Advancements in Human Brain Organoid Models: Integrating Multi-Omics and Genetic Engineering to Unravel Neurodevelopmental Disorders
DOI:
https://doi.org/10.58445/rars.3382Keywords:
Brain Organoids, Neurodevelopmental Disorders, Single-Cell Transcriptomics, Multi-Omics Integration, CRISPR-Cas9 Genome Editing, Autism Spectrum Disorder (ASD), Microcephaly, Parkinson’s Disease, Organoid Engineering, Functional MaturationAbstract
Human brain organoids have emerged as transformative tools for modeling early neural development and investigating the molecular basis of neurodevelopmental disorders. Recent advances in stem cell engineering, spatial patterning, and three-dimensional culture have enabled the generation of increasingly complex models that recapitulate features of the embryonic human brain, including region-specific organization, neuronal diversity, and early circuit formation.

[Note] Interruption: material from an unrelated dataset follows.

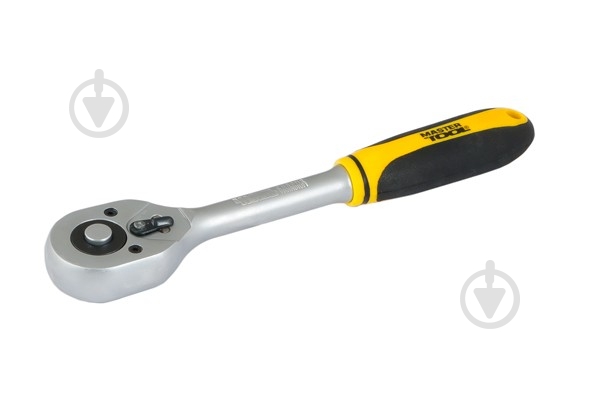Трещотка MasterTool 3/8 "45Т прямая 78-0123 - фото 1 Трещотка MasterTool 3/8 "45Т прямая 78-0123 - фото 1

Simultaneously, the integration of single-cell transcriptomics and multi-omics technologies has enhanced the resolution with which these models can be analyzed, allowing for precise mapping of developmental trajectories and disease-associated perturbations. In parallel, CRISPR-based genome editing has facilitated targeted manipulation of neurodevelopmental genes, enabling mechanistic insights into rare and common disorders such as autism spectrum disorder and microcephaly. This review synthesizes recent progress in the engineering, validation, and application of brain organoid systems, highlighting key studies that combine morphogenetic fidelity with high-throughput genomic and functional analysis. We also discuss current limitations—including variability, incomplete maturation, and ethical considerations—and propose strategies for improving the reproducibility and translational relevance of brain organoids in disease modeling.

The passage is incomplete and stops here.